→ **Problem statement**
Copy the data that appears below exactly. Drop the pictures.

→ **Given information**
---

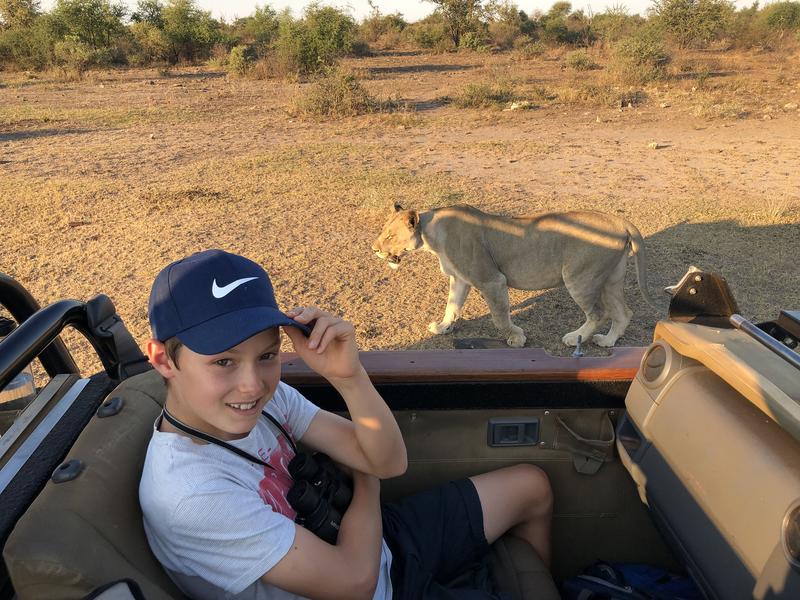kid in safari jeep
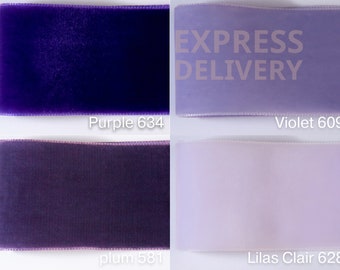 Ruban de velours violet 22, 36, 50 mm de large pour la couture, cadeaux, décoration, couronnes, bricolage. Qualité suisse en 72 couleurs !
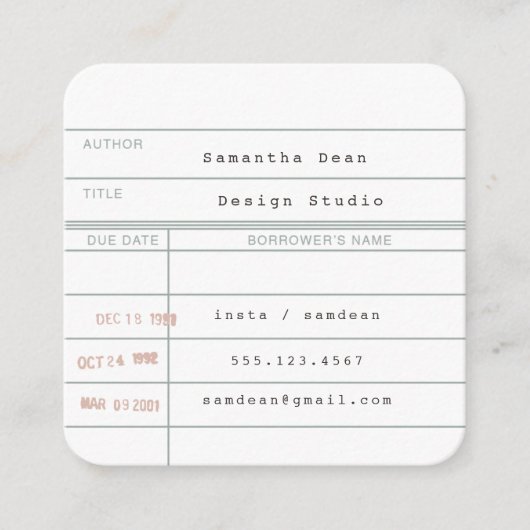 Bibliothek, Retro, Vintage Visitenkarte (Vorderseite)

---

→ **Solution to this exercise**
kid in safari jeep
 Ruban de velours violet 22, 36, 50 mm de large pour la couture, cadeaux, décoration, couronnes, bricolage. Qualité suisse en 72 couleurs !
 Bibliothek, Retro, Vintage Visitenkarte (Vorderseite)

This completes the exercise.